2. The Client searches several targets, each mounting one or more databases. The Client keeps a local list of targets and databases internally or in a local server. This info may be gleaned by Explain or by external contact with database providers. The Client may also be cacheing metadata provided to it by the remote targets.

Undisplayed Graphic

3. The Client communicates with a local or remote Search Broker that mediates between the client and the external servers and databases being accessed. The Search Brokers may provide additional services such as: locally cached clump/target/database information; the sorting and merging of retrieved metadata records into a single logical result set; user authentication and payment services and so on.

Undisplayed Graphic

Search Brokers may be mounted by the local users' site, or by third-party agencies, or in the cases where a clump is associated with an administrative organisation, then that organisation may mount its own broker. In the above diagram, one of the Targets being accessed by the Search Broker may itself be another Search Broker.

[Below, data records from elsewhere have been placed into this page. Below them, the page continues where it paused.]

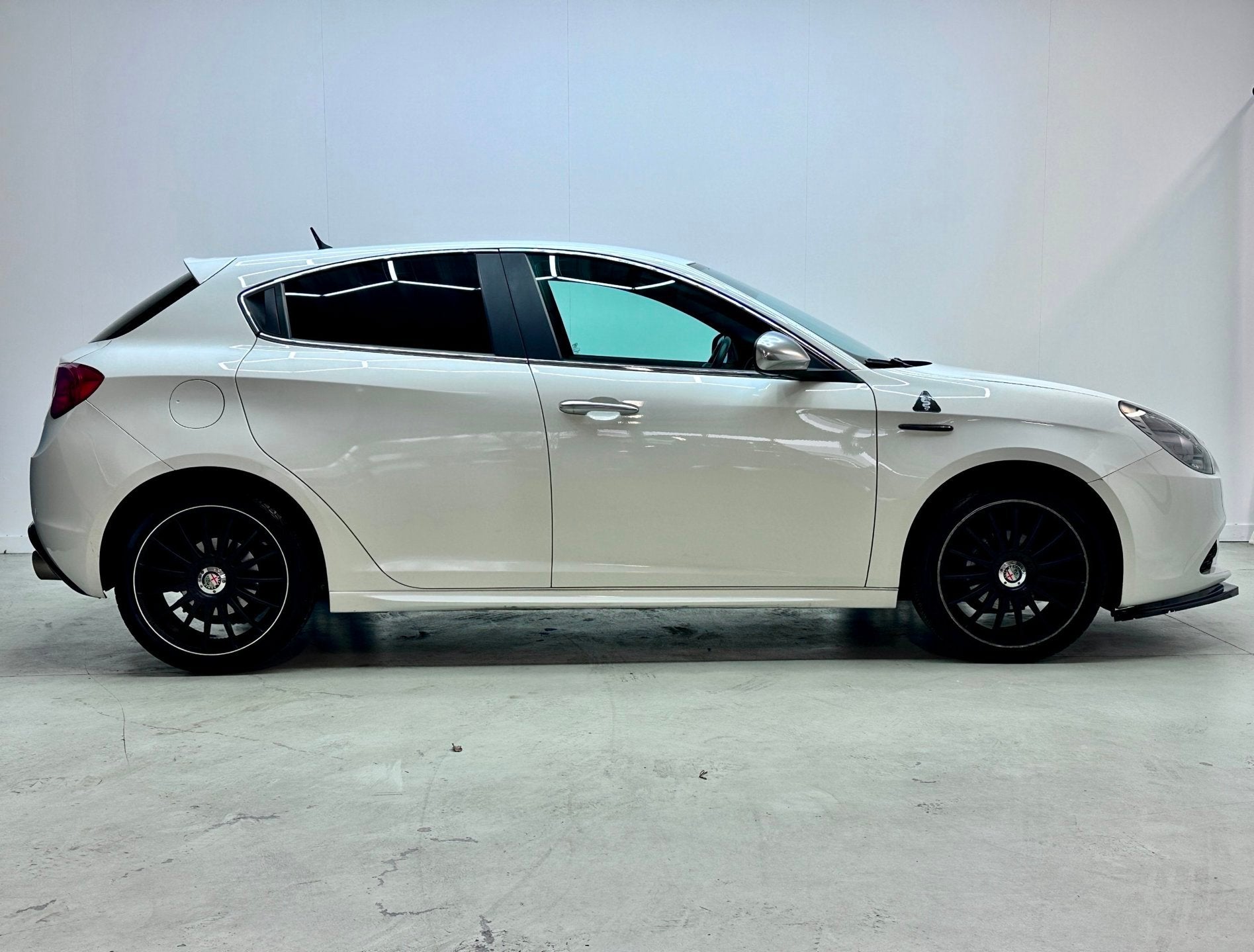 Alfa Romeo GIULIETTA Turbo Leer/Alcantara / Stoelverw / Dubb, Auto's, Alfa Romeo, Voorwielaandrijving, Euro 5, Gebruikt, Alcantara
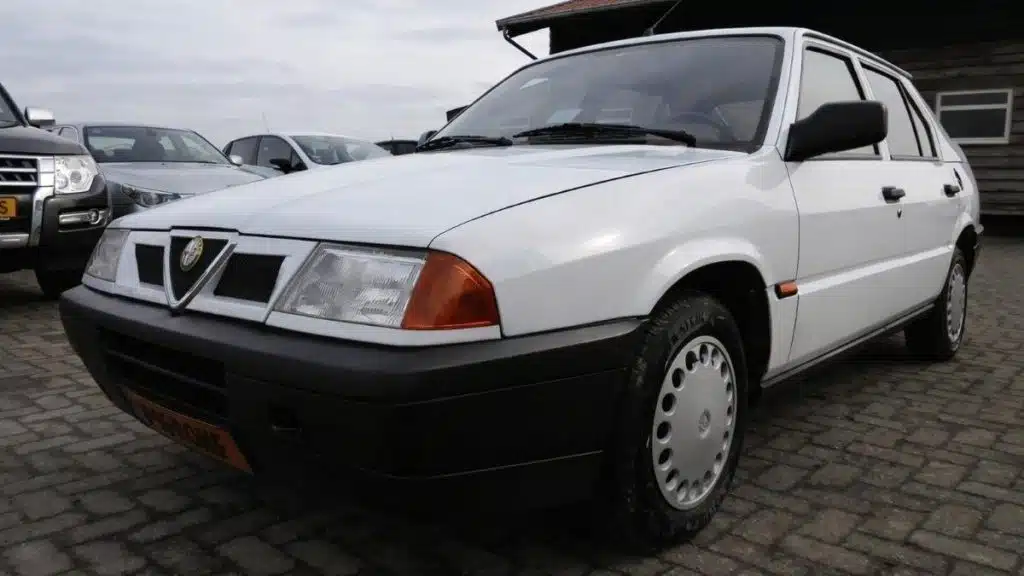 Oldtimer iz oglasnika: Alfa 33 za 35 godina prešla 37.308 km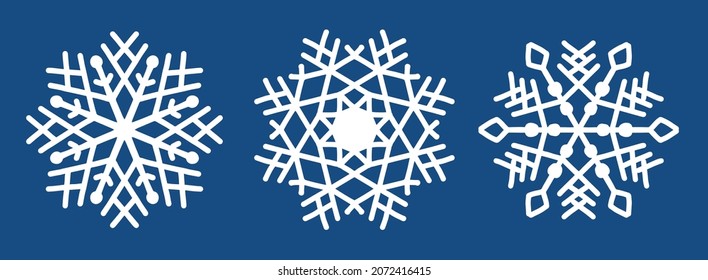 Diseño sencillo, copos de nieve de vacaciones aislados en el fondo azul. Ilustración vectorial. 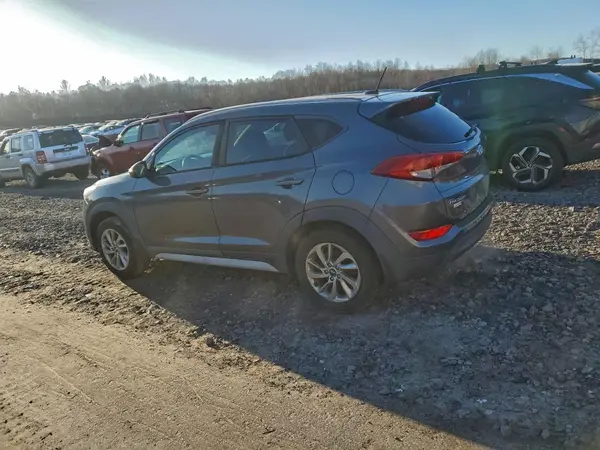 KM8J33A4XHU415454 2017 HYUNDAI TUCSON - Image 2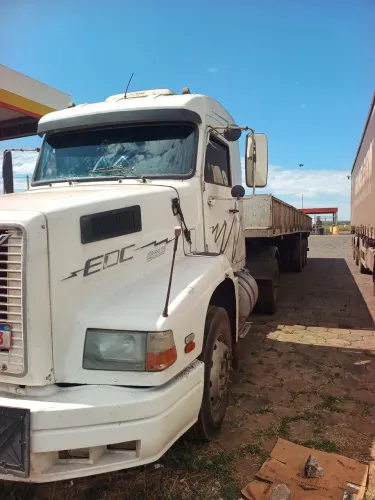 VOLVO EDC 96 360cv TOCO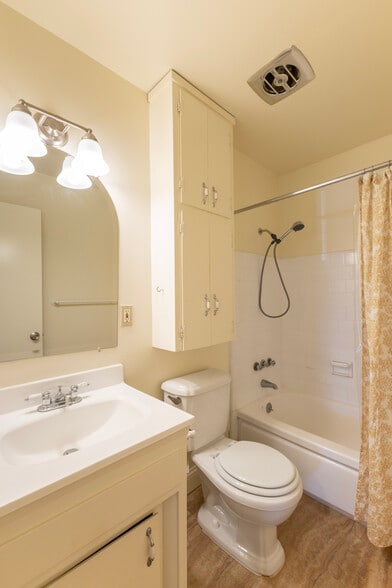 Building Photo - 6900 McQuillan Cir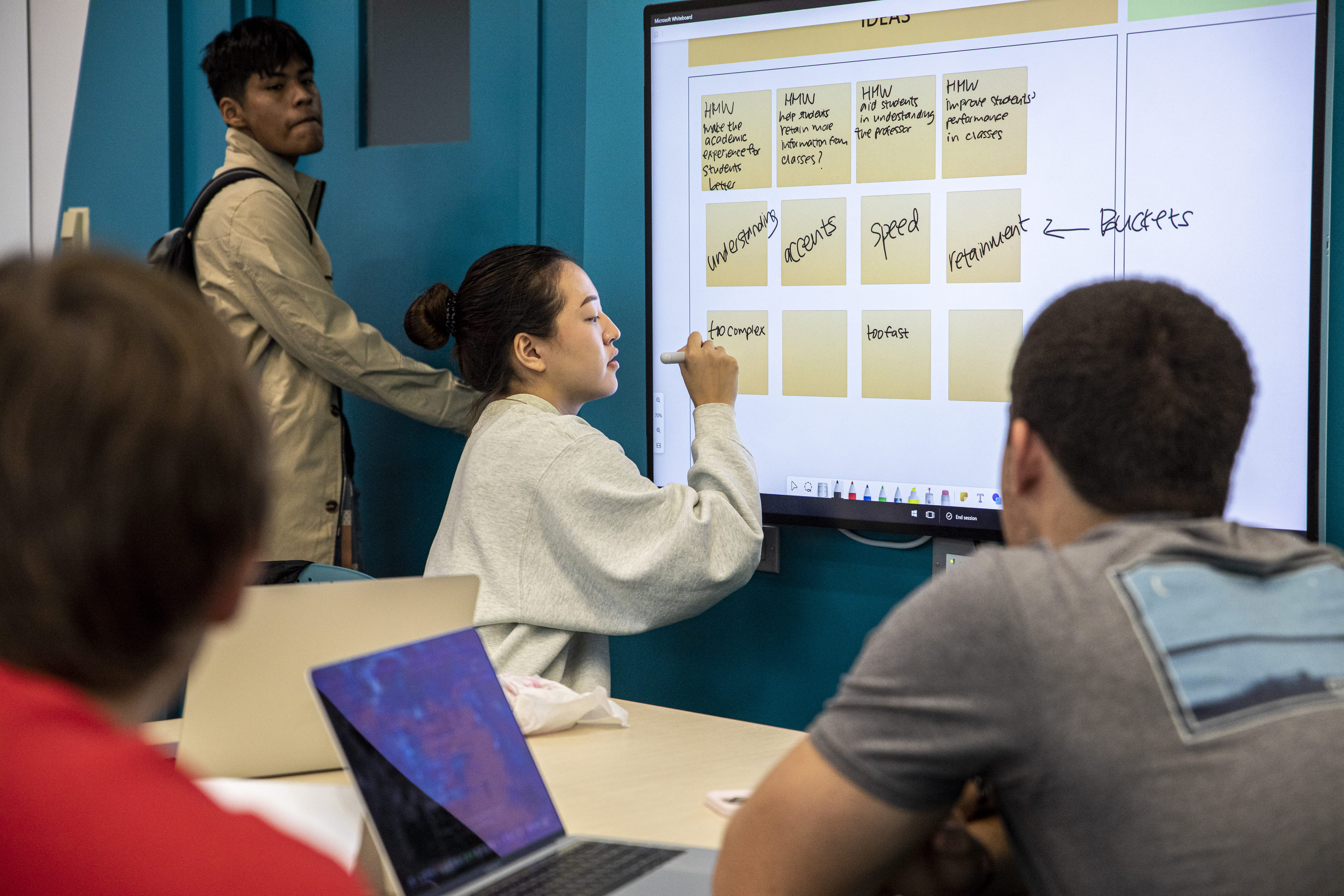 学生在互动白板上写课堂协作活动。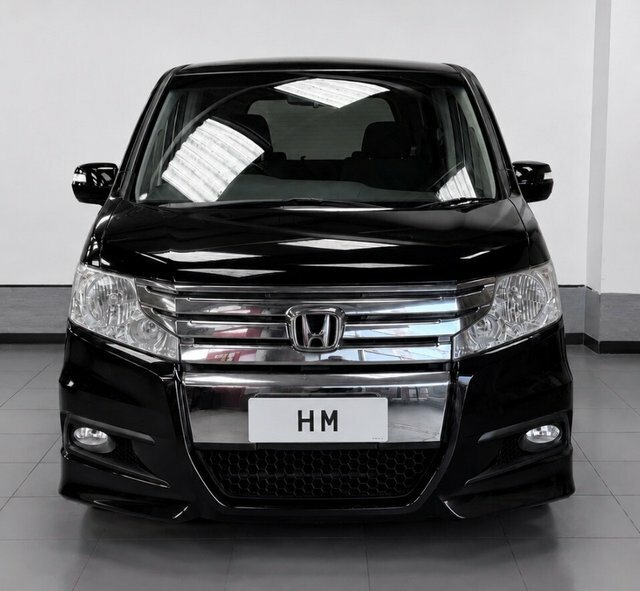 Honda StepWagon Mpv White #5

Search Brokers may be used to provide the distributed metadata storage and access mechanisms. However navigational information concerning Clumps need not be confined to the Client or the Search Brokers, it may be held in yet another set of directory servers or information systems. Clumps metadata should therefore remain independent of any given protocol implementation in order to maximise interoperabilty.

How is clump information referenced?

This is question is really two related questions:

1. How does one name or reference a link to an actual database in a way that will not force the updating of all clump records if the access details of the database change.

2. How does one name or reference a link to other clump or database description records.

Here are some existing and emerging networked resource naming systems

URL: Universal Resource Location

This scheme identifies resources by providing details of their physical location on the network. URLs are by far the most common form of resource naming, but they are unreliable, since the resource's name changes as its physical location changes, and this is likely to cause major problems over time.

URL format is <protocol>://<machine address>/<filepath>/<filename>

URL example: http://lcweb.loc.gov/z3950/agency/

URN: Universal Resource Name

More experimental than URLs URNs try to provide a universal name space that allows a variety of existing naming systems to be incorporated into a single format. URNs rely on some third-party servers to resolve the permanent name into a temporary location, if the URL changes, then only the name resolvers need to be aware of this change, since the outside world will know the resource by its URN not its URL.

URN format is URN:<namespace>:<name>

URN example: urn:isbn:0124636379

PURL: Persisent Universal Resource Location

OCLC invented PURLs as a kind of halfway house between a URL and a URN. Like URNs a PURL is a permenent name that gets resolved locally into the URL that actually points to the resource. If the URL changes, only the PURL servers need to worry about this, the outside world only knows the resources by their PURLs.

PURL format is <protocol-to-access-resolver>://<resolver address>/<name>

PURL example: http://purl.oclc.org/home/fred/catalog

Authentication & authorisation & payments

This is potentially the most difficult aspect of the Clumps initiative. Authentication and authorisation services may be provided by:

• End-User organisations (ie the Campus)

• Service provider organisation (Clump administrators)

• Database owners

They may use any one of several existing authentication systems such as Athens or Kerberos.

For the initial batch of pilot Clumps, it is assumed that access to resources will be free, but usage of resource (ie for ILL purposes etc) may be paid for. While the JISC and others are trying to produce a national solution to authentication and authorisation, it may be that these issues need not be tackled in the initial development of Clumps.

Related to authentication and authorisation is the issue of invoicing and payments. This may be handled entirely electronically, or it may be conducted more conventionaly using paper invoices and normal offline financial transactions. These issues are left entirely to the discretion of the individual Clump implementors.